Chapter 9 Uncertainty Quantification

Imagine there is an unknown quantity \(u\) that we can’t observe directly. However, we may obtain a collection of observations \(Y = (y_i, \cdots, y_p) \in \mathcal R^p\). Then the Forward Problem is \(\underset{\text{unknown}}{u \in Z} \to \underset{\text{observed}}{Y}\).

In a sense, when we talk about science, we are talking about use \(Y\) to learn about \(u\).

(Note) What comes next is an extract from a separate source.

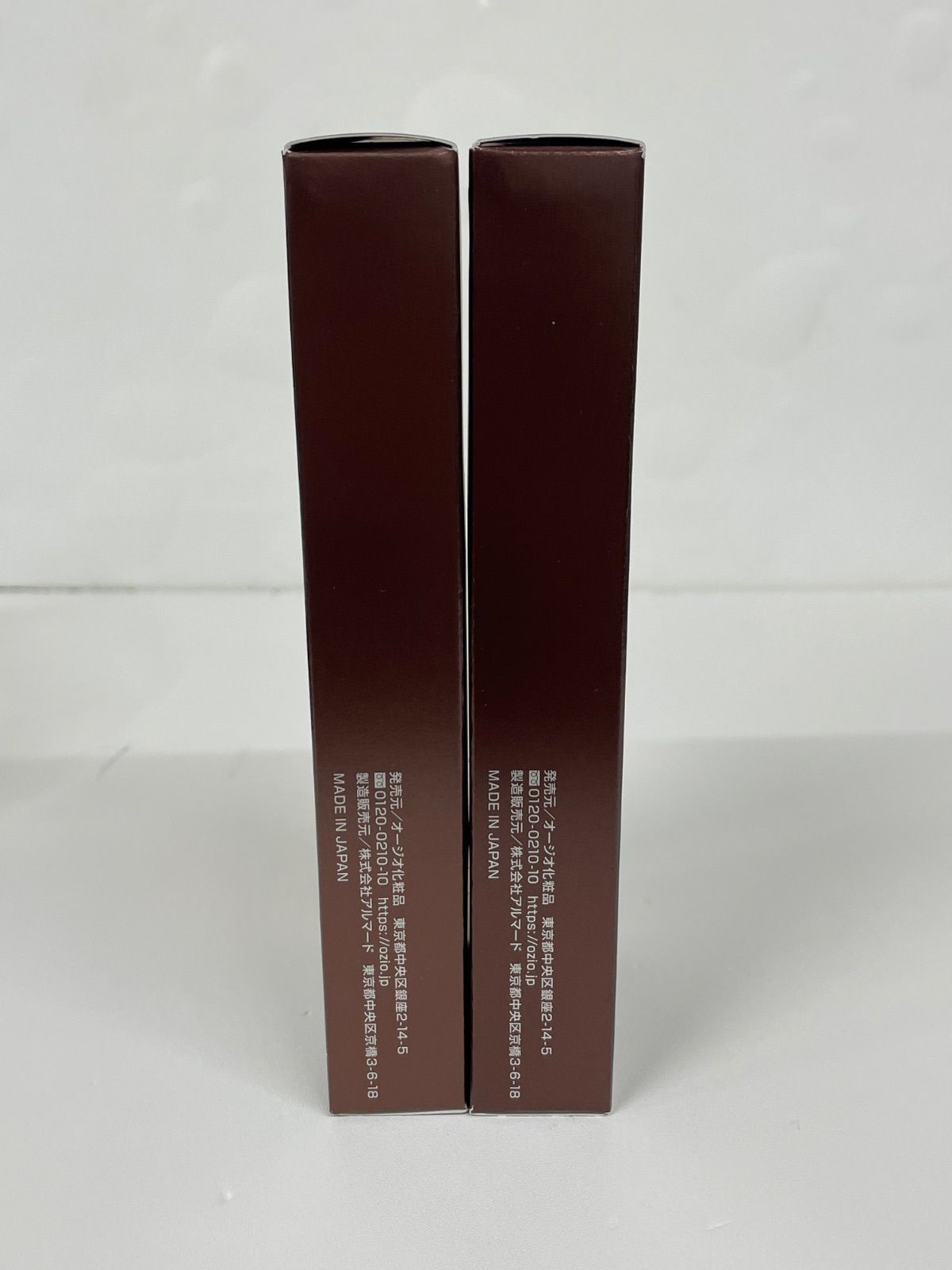 オージオ Beauty Opener Gel III 50g 2個セット Beauty Opener Gel III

In practice, there are at least two “sources” of uncertainty associated to the picture: \(u \to Y\):

\(u\) is unknown.
Observations are usually contaminated by some sort of noise so that in general \(Y\) is not simply a function of the unknown \(u\). In statistics, we may model the “likelihood” or “probability” of observing \(Y\) given a certain value of \(u\). This quantifies our uncertainty of the possible values \(Y\) given the unknown \(u\) through the probability mass function: \(P(Y = y, | u)\) or through a density function: \(P(Y \in C | u) = \int_C p(y | u) dy\).

Example 9.1 Let \(u \in (0,1)\) be the probability that the outcome of a certain biased coin flip is H. Suppose that this coin is flipped \(p\) times and we get \(y_i = \begin{cases}1 &i\text{-th is H}\\0 & i\text{-th is T}\end{cases}\).

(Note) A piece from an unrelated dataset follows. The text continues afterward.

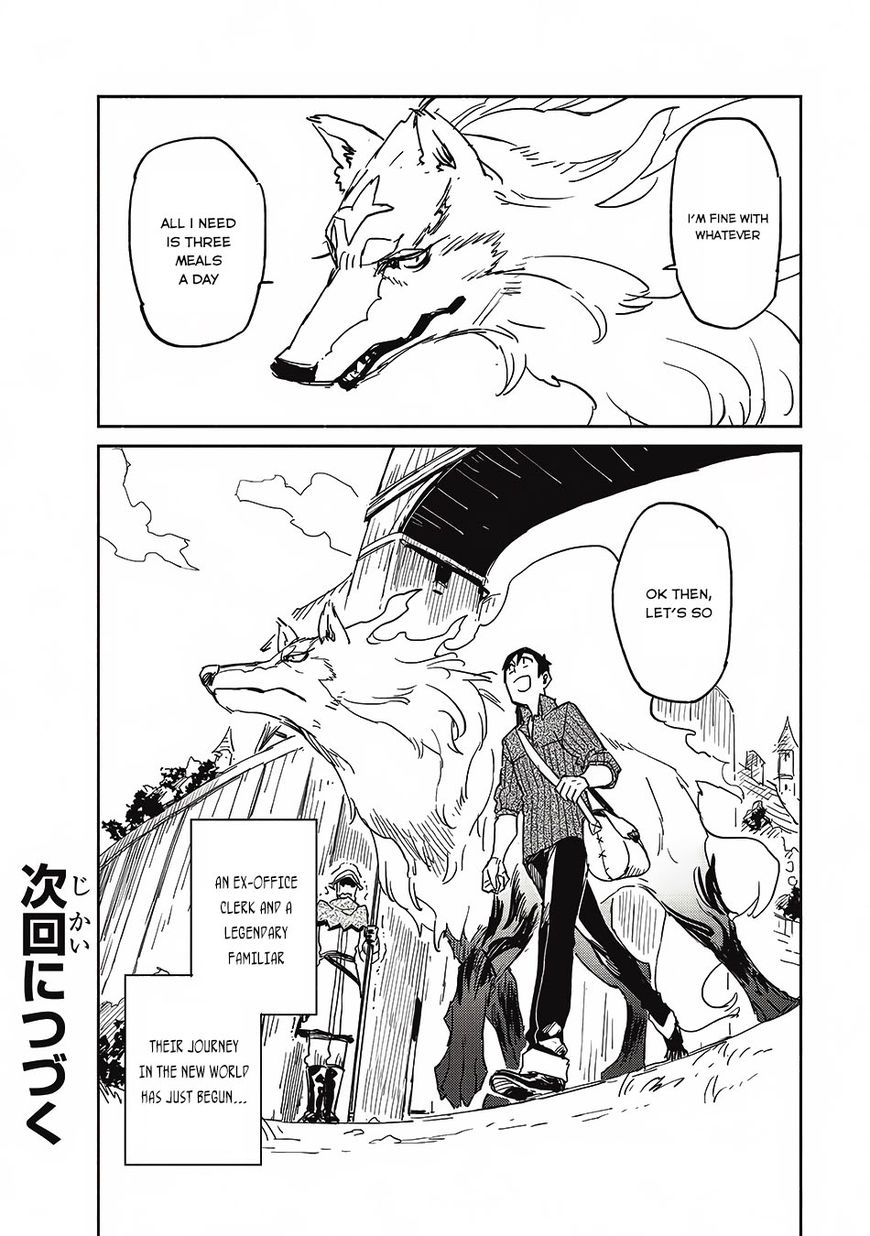 Page 25 of Chapter 6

In this case, the likelihood is

\[ P(Y = y | u) = u^{\sum_{i=1}^p y_i} (1-u)^{p - \sum_{i=1}^p y_i}, ~y_i \in \{0,1\} \]

Example 9.2

Regression: \(u: \mathcal X \to \mathcal R\) (Hidden regression function). \(y_i = u(x_i) + \varepsilon_i\), \(\varepsilon_i \sim N(0, \sigma^2)\).
\[ p(y|u) = \frac{1}{(\sqrt{2 \pi \sigma^2})^p} exp(-\frac{||y - (u(x_1), \cdots, u(x_n)||^2}{2\sigma^2}) \]
Classification with logistic model: Given \(u: \mathcal X \to \mathcal R\), define: \(q_i = \frac{exp(u(x_i))}{1+exp(u(x_i))}\) for \(x_1, \cdots, x_p\). Then, \(y_i = \begin{cases}1 &\text{with prob } q_i\\0 & \text{with prob } 1-q_i\end{cases}\). Thus,
\[ P(y | u) = \prod_{i=1}^p q_i^{y_i} (1- q_i)^{1-y_i} = \prod_{i=1}^p \frac{exp(y_iu(x_i))}{1+exp(u(x_i))} \]

Example 9.3 (Density Estimation) Let \(\mathcal X = \mathcal R^d\) and suppose that \(u: \mathcal X \to \mathcal R\) is an unknown density function (\(u(x) \geq 0\), \(\forall x\), and \(\int_{\mathcal R^d} u(x) dx = 1\)), \(y_1, \cdots, y_p \underset{i.i.d}{\sim} u\). Thus, the likelihood of \(Y=(y_1, \cdots, y_p)\) is:
\[ p(y|u) = u(y_1) \cdots u(y_p) \]

So far we have talked about the distribution of \(Y\) given \(u\) (Forward Problem). This models the uncertainty of our “measurement” if we had access to \(u\). However, how do we learn \(u\) from \(Y\) (Inverse Problem)? Moreover, how do we quantify the uncertainty of the unknown \(u\) before observing \(Y\), and after observing \(Y\)?

9.1 Bayes Perspective

Bayes Rule: \(p(u | y) \propto p(y | u) \pi(u)\). For the moment, we consider the case where \(u \in \mathcal R^d\). Suppose \(\pi(u)\) is then interpreted as a density in \(\mathcal R^d\). The posterior is usually also a density in \(\mathcal R^d\).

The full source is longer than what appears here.